What they do in their day to day life, what kind of life they have, how they interact with people. And this is where it probably starts becoming different for everyone.
Try this out as a little exercise. See who this little person turns out to be. Perhaps it’s a public figure you admire or someone you know or your future self.
Better yet, make it your future self.
Where does he/she live? What kind of house do they live in? What does their day look like? How do their relationships look? What do they feel? What do they think? What are they striving towards? What do they plan for? What do their seasons and holidays look like? What do they do in their spare time?
Now that you’ve come up with your little person, feel free to ask yourself more questions and add more details. Bonus points if you don’t just think about this and write it down.
If you decided to make it your future self, how far away into the future do you think it is until this little person is you? For me, when I picture my little person, it’s about 5 years from now.
Try to continue on or even go back. How is this person, this future ideal you, six months from now? One year from now? Three years? Five years? Ten years? Twenty?
Success is a Journey
Let’s look at the viewpoint that success is a journey. I agree with this term. To a degree. Here’s an example. Let’s say…
If I started making $1000 from my blog, omg I would be so happy. I’m reaching a goal and making money from my passion and something that I learn a lot and work hard for. But, if 3 years down the road, I’m still making $1000 a month, I wouldn’t be so happy with that.
But, if I get to a point where like other successful bloggers are making $100K off their blog and 5 years later, I’m still making around that much, I would still be happy and consider myself successful. This is just financially, but let’s assume other areas of my life are at the same level of success.
The reason why is that at that point, I would be living my envisioned life. I would have the freedom to live the life I want to live.
However, at that point, I would still be working and growing towards improving my business, my life and myself in all areas.
Success is a journey, yes, but not any journey is success. Or at least success is not just any kind of journey. And it’s more than a journey.
Success is actually reaching destinations and then moving on to the next destination. It’s not just a single one-way ticket. It’s the many one-way tickets and road trips and hikes to your dream destinations. Even the short walks that get you from Point A to Point B.
Sometimes your ticket is a long economy flight. Sometimes it’s first class. Or it may be a bus or train ticket. Sometimes you miss the original flight or train. Sometimes your destination is not what you expected.
As long as you get to your destination and appreciate it and then buy the next ticket on to the next destination.
And with each flight, you become better at traveling. It could still be economy and not first class (metaphorically speaking, it’s not easy), but you become more equipped to handle obstacles and bumps in the road because of your past flights/successes.
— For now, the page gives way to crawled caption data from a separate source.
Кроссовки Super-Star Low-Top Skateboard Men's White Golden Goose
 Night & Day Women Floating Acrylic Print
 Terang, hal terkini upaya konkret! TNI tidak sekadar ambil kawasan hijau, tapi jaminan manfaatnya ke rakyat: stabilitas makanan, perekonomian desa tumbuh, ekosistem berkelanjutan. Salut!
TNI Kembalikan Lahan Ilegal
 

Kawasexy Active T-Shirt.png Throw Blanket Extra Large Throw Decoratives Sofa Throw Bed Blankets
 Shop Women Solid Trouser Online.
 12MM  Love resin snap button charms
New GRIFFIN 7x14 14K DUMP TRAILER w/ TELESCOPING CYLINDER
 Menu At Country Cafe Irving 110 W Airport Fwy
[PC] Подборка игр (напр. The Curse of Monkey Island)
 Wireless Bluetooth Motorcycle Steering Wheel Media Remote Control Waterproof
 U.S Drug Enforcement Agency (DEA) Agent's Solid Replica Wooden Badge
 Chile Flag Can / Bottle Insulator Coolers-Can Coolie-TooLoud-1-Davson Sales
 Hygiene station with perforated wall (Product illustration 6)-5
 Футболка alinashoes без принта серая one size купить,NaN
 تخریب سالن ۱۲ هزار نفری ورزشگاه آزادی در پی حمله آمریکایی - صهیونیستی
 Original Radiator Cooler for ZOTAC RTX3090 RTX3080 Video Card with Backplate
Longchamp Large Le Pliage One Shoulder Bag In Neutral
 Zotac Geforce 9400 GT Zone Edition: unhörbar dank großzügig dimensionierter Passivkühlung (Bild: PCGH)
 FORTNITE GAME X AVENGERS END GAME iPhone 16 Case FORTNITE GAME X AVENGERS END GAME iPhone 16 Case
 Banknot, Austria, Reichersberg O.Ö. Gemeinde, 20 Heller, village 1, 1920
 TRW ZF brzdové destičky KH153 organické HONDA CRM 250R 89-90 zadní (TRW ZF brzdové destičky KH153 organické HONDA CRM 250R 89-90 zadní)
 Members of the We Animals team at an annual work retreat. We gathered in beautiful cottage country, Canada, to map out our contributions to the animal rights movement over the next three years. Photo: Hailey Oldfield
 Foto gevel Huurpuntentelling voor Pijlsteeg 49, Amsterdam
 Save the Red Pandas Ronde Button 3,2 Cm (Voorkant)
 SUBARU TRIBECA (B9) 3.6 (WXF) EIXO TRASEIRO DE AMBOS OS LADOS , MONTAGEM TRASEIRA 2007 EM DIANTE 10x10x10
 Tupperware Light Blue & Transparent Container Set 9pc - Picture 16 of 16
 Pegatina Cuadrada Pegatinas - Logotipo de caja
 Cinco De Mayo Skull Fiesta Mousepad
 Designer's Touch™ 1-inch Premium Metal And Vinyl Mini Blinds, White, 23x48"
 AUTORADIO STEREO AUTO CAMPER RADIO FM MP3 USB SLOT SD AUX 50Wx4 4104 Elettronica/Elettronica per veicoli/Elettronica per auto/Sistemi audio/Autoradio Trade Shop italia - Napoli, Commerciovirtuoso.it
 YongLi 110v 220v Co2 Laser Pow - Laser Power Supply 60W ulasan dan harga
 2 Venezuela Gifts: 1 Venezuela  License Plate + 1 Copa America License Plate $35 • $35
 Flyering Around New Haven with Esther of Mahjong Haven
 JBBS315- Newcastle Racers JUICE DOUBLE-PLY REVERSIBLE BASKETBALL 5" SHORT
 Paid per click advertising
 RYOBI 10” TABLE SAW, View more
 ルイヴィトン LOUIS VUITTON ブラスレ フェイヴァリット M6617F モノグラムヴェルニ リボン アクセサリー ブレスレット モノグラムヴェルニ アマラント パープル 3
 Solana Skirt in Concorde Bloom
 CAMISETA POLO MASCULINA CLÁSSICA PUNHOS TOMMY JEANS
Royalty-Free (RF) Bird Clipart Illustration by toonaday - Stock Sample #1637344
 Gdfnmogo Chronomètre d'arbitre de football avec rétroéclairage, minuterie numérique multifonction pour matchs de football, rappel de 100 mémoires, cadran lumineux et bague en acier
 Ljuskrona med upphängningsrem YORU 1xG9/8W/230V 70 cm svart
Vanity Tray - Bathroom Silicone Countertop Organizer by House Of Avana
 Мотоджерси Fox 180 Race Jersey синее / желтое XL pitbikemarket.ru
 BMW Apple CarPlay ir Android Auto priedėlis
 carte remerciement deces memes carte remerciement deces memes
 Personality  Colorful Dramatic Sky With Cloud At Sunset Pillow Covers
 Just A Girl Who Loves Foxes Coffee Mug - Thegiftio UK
The more you experience reaching your goals, the more you realize what success means to you personally and what you want out of life. What kind of life you want to live.
If you spend years wanting to be a lawyer, and you spend countless hours and dollars toward that, and then when you finally become a lawyer, you suddenly realize that’s not what you want, that’s okay.
Had you have given up on your goals earlier and never become a lawyer, you may have never realized this and lived in regret wishing you would’ve pursued becoming a lawyer, always wondering, “what if?”
You can achieve success in your goals and realize that’s not success to you. But you should still be happy and proud and accepting of your accomplishments. Even if it’s not what you wanted. It led you on the path of realization. Which is a goal for many.
Success and Money
Although the most popular response was happiness, many did mention money.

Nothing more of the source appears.